[EXTRACTED ENTRIES — start]
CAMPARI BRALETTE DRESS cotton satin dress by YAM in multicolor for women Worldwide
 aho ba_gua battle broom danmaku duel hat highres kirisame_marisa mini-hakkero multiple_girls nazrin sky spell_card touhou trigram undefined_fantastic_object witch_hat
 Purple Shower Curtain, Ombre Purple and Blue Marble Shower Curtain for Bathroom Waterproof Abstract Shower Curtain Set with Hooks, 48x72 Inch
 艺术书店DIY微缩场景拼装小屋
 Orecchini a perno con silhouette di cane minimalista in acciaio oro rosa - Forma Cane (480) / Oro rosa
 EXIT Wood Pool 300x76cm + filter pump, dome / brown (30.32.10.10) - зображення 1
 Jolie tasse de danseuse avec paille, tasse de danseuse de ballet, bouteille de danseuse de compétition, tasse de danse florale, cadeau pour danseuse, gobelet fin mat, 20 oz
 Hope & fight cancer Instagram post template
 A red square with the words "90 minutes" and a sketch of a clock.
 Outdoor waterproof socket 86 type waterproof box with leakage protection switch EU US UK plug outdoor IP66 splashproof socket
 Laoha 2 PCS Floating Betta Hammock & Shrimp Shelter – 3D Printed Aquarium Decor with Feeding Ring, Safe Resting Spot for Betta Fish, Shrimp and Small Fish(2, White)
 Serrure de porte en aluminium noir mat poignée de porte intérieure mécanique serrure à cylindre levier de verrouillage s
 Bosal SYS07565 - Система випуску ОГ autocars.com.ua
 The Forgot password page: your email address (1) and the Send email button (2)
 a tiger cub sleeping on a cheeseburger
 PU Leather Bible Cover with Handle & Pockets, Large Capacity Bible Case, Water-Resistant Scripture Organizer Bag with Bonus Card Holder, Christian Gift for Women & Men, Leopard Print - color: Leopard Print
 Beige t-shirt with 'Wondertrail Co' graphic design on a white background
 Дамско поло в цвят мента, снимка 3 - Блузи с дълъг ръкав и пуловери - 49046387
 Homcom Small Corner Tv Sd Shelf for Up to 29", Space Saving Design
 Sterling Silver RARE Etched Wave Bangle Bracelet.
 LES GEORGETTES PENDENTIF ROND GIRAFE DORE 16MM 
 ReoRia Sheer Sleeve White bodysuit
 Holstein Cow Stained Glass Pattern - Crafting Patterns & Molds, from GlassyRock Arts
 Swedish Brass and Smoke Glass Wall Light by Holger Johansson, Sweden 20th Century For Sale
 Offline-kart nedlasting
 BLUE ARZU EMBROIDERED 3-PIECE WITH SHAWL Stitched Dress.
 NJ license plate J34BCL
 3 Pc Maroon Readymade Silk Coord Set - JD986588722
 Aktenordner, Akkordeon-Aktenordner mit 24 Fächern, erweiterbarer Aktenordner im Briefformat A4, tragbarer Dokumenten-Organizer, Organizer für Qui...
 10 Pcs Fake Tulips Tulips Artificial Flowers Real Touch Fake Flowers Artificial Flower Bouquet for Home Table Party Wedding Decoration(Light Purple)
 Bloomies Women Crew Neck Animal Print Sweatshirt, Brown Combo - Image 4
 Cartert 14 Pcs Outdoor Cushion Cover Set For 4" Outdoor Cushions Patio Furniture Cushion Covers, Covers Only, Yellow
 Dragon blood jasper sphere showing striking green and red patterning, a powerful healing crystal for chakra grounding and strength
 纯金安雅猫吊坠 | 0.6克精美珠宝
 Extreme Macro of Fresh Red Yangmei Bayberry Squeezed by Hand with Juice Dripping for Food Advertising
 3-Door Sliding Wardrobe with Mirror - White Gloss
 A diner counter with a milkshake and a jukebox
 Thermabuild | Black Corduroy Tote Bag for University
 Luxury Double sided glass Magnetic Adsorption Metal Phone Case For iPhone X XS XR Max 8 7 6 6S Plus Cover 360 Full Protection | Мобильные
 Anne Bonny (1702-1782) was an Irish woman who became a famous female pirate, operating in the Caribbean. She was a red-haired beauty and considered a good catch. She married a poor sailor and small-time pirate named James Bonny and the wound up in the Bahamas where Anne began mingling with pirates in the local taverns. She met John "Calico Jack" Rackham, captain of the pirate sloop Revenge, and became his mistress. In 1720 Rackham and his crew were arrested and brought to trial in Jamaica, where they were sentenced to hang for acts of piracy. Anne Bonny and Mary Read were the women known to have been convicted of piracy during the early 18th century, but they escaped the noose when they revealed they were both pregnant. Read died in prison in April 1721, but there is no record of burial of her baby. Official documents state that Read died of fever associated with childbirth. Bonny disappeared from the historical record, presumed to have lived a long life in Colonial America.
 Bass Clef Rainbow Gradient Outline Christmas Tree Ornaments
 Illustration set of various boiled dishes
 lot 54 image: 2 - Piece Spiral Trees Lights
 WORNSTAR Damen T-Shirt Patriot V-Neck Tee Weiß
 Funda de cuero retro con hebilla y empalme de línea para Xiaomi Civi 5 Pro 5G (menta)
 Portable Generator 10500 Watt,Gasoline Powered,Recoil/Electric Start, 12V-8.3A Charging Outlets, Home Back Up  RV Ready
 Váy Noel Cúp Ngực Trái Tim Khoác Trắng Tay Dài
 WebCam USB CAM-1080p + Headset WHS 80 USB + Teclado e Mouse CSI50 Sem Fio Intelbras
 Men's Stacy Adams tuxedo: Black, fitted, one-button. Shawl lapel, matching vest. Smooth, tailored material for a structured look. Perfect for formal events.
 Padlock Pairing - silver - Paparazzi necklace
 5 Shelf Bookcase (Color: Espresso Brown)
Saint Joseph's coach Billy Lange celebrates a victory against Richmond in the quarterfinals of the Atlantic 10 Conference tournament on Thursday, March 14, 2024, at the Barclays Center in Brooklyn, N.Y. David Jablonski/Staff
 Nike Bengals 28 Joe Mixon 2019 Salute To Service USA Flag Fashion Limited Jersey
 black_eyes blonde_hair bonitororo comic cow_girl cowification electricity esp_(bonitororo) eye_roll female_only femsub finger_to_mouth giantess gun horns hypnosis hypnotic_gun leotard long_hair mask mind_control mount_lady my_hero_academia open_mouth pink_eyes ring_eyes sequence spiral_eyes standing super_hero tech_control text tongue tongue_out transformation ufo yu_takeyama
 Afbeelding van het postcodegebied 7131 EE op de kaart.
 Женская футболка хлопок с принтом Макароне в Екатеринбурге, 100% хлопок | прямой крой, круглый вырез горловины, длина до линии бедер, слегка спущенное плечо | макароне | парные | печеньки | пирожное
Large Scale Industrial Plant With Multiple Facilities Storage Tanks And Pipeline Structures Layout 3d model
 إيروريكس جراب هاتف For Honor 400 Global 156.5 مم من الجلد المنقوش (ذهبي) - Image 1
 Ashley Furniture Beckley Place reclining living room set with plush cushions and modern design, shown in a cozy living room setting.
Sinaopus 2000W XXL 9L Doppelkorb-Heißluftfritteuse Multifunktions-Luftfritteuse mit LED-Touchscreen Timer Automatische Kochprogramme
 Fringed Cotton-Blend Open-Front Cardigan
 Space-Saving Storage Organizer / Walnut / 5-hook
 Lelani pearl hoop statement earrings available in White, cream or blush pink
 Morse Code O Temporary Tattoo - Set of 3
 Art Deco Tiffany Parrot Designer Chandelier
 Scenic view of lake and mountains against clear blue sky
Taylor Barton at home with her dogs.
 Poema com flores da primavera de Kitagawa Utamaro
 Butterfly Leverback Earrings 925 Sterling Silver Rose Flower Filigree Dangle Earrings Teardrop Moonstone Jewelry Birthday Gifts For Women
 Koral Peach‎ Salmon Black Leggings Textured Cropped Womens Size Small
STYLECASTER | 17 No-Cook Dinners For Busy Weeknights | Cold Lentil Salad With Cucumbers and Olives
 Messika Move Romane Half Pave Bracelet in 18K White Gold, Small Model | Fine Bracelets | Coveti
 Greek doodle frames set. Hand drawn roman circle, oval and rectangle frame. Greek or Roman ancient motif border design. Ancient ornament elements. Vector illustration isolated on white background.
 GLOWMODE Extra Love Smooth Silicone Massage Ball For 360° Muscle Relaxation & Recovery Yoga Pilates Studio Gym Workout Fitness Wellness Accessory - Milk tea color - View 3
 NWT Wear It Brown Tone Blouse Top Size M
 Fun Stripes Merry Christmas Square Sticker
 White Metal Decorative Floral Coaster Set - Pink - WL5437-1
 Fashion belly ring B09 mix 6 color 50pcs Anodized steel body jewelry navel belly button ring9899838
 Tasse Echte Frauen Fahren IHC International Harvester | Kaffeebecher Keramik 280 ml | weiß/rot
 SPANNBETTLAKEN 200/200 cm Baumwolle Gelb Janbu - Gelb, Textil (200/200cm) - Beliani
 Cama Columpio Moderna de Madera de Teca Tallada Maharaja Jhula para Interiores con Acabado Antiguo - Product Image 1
[EXTRACTED ENTRIES — finish]
EXERCISE INSTRUCTIONS: Go back to the listing above. Copy word for word the lines from the one with "ReoRia Sheer Sleeve White bodysuit" through the one with "3 Pc Maroon", and nothing more.

SOLUTION:
 ReoRia Sheer Sleeve White bodysuit
 Holstein Cow Stained Glass Pattern - Crafting Patterns & Molds, from GlassyRock Arts
 Swedish Brass and Smoke Glass Wall Light by Holger Johansson, Sweden 20th Century For Sale
 Offline-kart nedlasting
 BLUE ARZU EMBROIDERED 3-PIECE WITH SHAWL Stitched Dress.
 NJ license plate J34BCL
 3 Pc Maroon Readymade Silk Coord Set - JD986588722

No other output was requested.